Cette seconde taille doit rester symbolique. Une coupe sévère à cette date relance une végétation tendre qui n’aura pas le temps de s’endurcir avant les premiers froids. En pratique, si vous récoltez régulièrement pour la cuisine tout l’été, cette taille se fait toute seule.
L’erreur classique de la taille d’automne
Beaucoup de gens taillent leurs aromatiques en novembre, en même temps que le rangement du jardin. Sur le thym, c’est une mauvaise idée. Les plaies de coupe restent ouvertes tout l’hiver, l’eau s’y installe, et les champignons de pourriture entrent par là. La plante, en dormance, ne cicatrise pas.
De plus, le feuillage sec de fin d’automne protège la souche du froid et du vent. Le laisser en place jusqu’au printemps ne coûte rien, et il est bien plus utile là qu’au compost. Si votre thym est ébouriffé en décembre, laissez-le ébouriffé : vous rattraperez tout en juillet suivant.
Le buttage, la ruse pour rajeunir le centre
Sur un pied déjà dégarni au milieu, il existe un rattrapage qui marche souvent. Au printemps, écartez doucement les rameaux et versez au cœur de la touffe une bonne poignée de mélange sableux, terre et sable grossier à parts égales, jusqu’à recouvrir les deux ou trois premiers centimètres des tiges nues.
Les portions de bois enterrées émettent fréquemment des racines dans les mois qui suivent. Vous obtenez alors une touffe qui se réalimente par le centre au lieu de se creuser. Maintenez ce mélange juste humide au printemps, puis laissez faire.
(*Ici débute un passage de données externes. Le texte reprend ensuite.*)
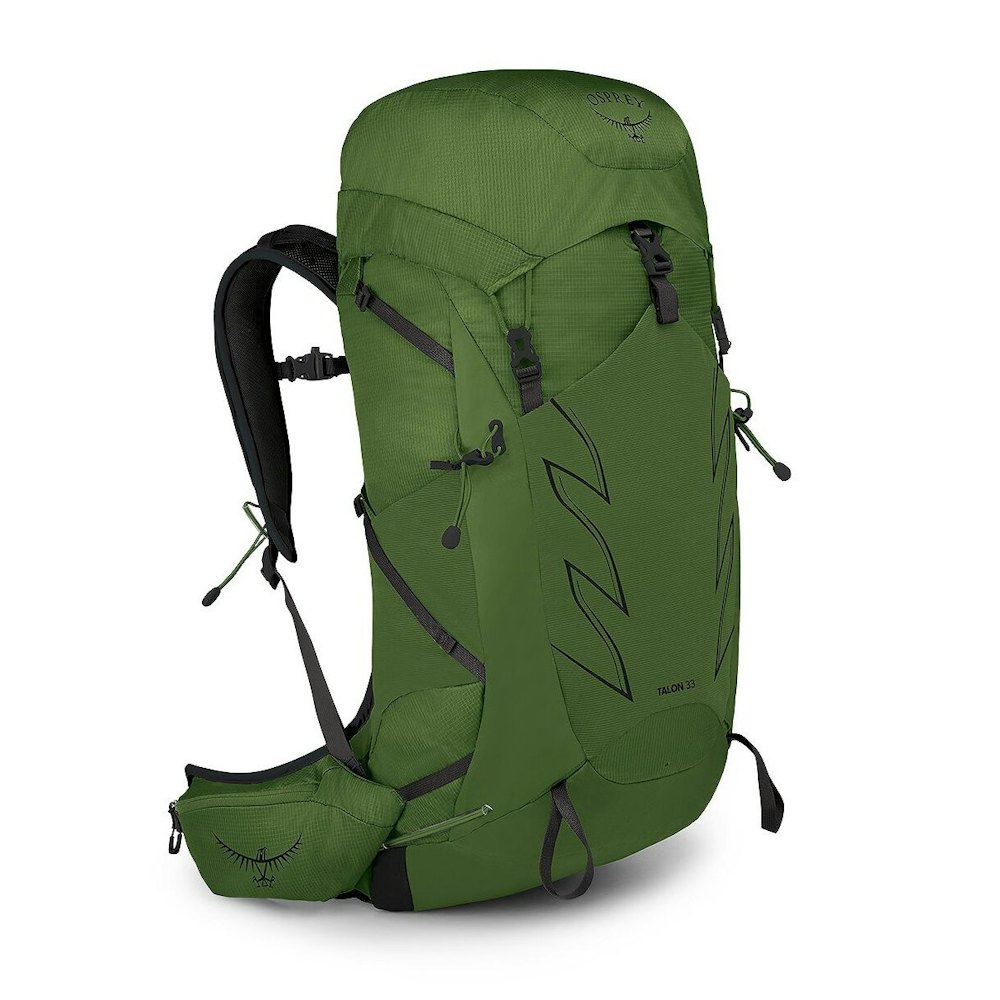 Osprey Talon 33 Backpack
C’est simple, gratuit, et ça fait gagner deux ou trois ans à un pied fatigué.
Le marcottage, gratuit et sans risque
Dans le même esprit, choisissez au printemps trois ou quatre rameaux périphériques souples. Couchez-les au sol, maintenez-les avec une pierre plate ou un crochet en fil de fer, et recouvrez la partie en contact d’un peu de terre sableuse. Laissez dépasser l’extrémité feuillée.
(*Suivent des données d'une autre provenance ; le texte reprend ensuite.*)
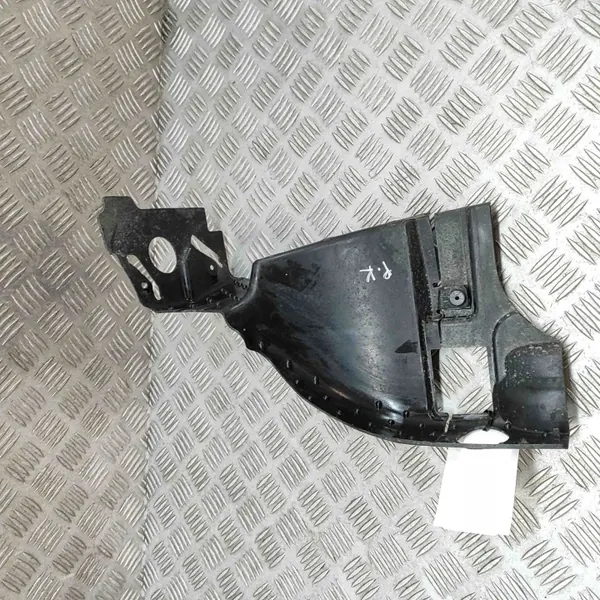 Isolation acoustique Mercedes-Benz GLE W167 OEM A1675240100 image 3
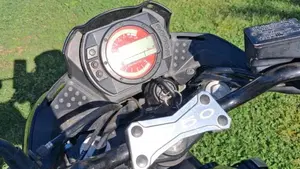 Kawasaki Z 750 (2003 - 06)  (3)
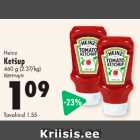 Heinz Ketšup 460 g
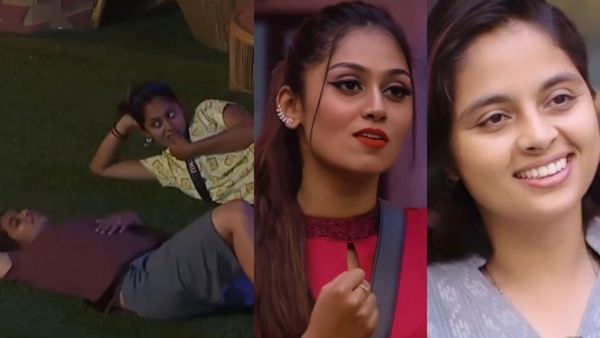 'ശ്രീതു എനിക്ക് നിന്നോട് ക്രഷുണ്ട്, നീ പേടിക്കേണ്ട, പക്ഷെ ആരോടും പറയരുത്'; ശ്രീതുവിനെ പ്രപ്പോസ് ചെയ്ത് രസ്മിൻ!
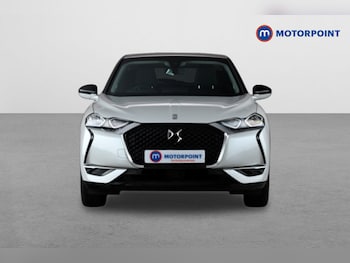 Used DS Automobiles DS 3 2020 for sale - 79102743: Photo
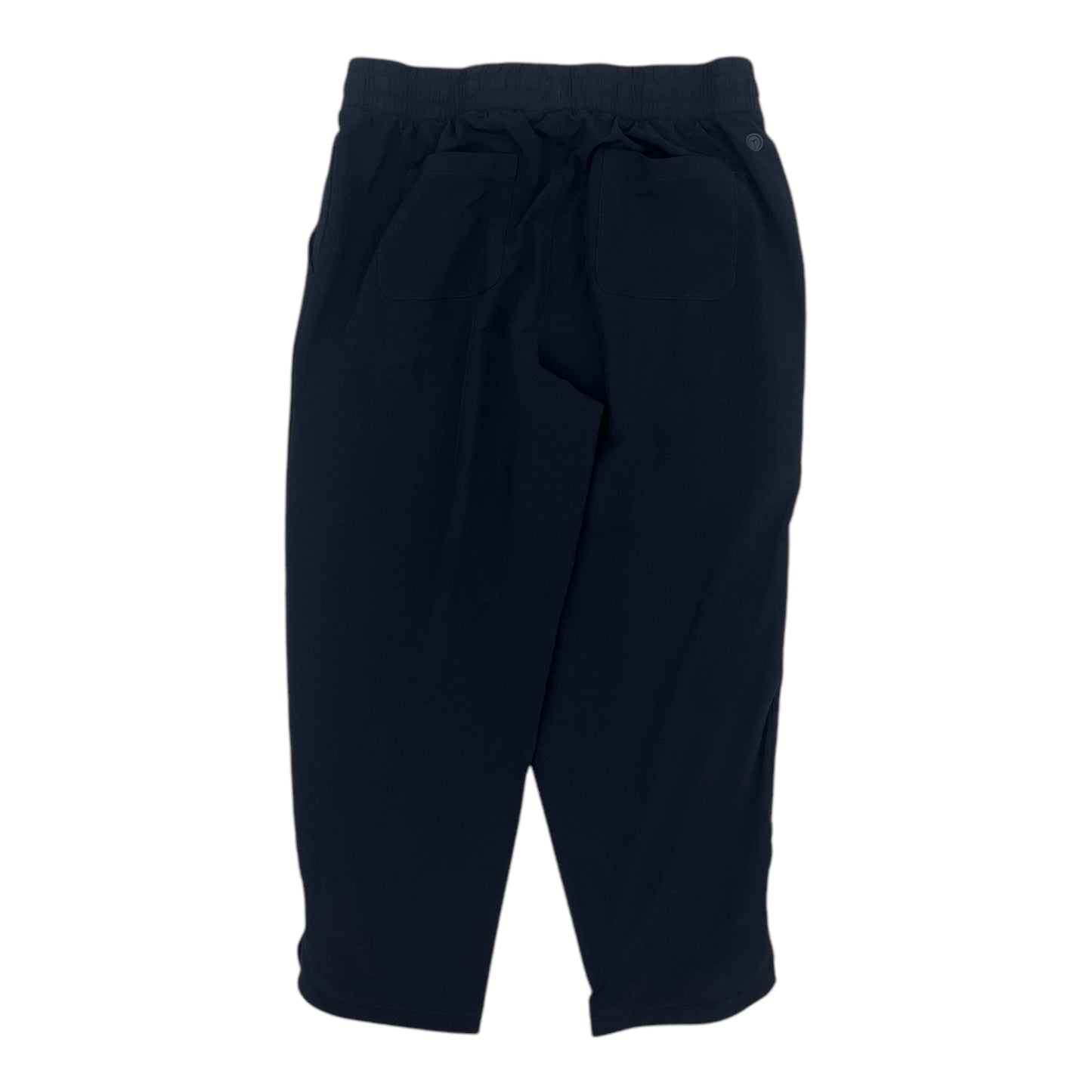 Athletic Pants By Talbots In Blue, Size:S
En deux à quatre mois, ces marcottes racinent. Vous pouvez alors les sevrer en coupant le lien avec la plante mère, en septembre ou au printemps suivant, et les replanter ailleurs. C’est la méthode la plus fiable pour renouveler un thym, plus sûre que le bouturage et infiniment plus rapide que le semis.
Quand il est trop tard
Il arrive qu’un pied soit irrécupérable. Voici les signes qui, chez moi, décident du remplacement plutôt que du sauvetage.
- plus de vert du tout sur les vingt premiers centimètres depuis la souche
- une souche fendue en plusieurs parties qui s’écartent au sol
- des rameaux qui se détachent à la main, avec du bois brun et friable
- une repousse printanière limitée à deux ou trois tiges sur une touffe entière
Renouveler tous les quatre ou cinq ans
Même bien mené, un thym commun donne le meilleur de lui-même pendant quatre à six ans. Passé ce cap, il fleurit moins, se dégarnit malgré la taille, et son parfum faiblit. Ce n’est pas un échec de jardinier, c’est sa durée de vie utile.
La bonne habitude consiste donc à marcotter systématiquement un ou deux rameaux chaque printemps, sans même se demander si on en a besoin. Vous aurez toujours deux ou trois jeunes pieds d’avance quelque part dans un coin, et le remplacement se fera sans trou dans le massif ni achat en jardinerie.
Le conseil de Sophie. Taillez le jour où vous ramassez le thym pour l’hiver : la récolte et la taille de juillet sont exactement le même geste, autant les faire ensemble.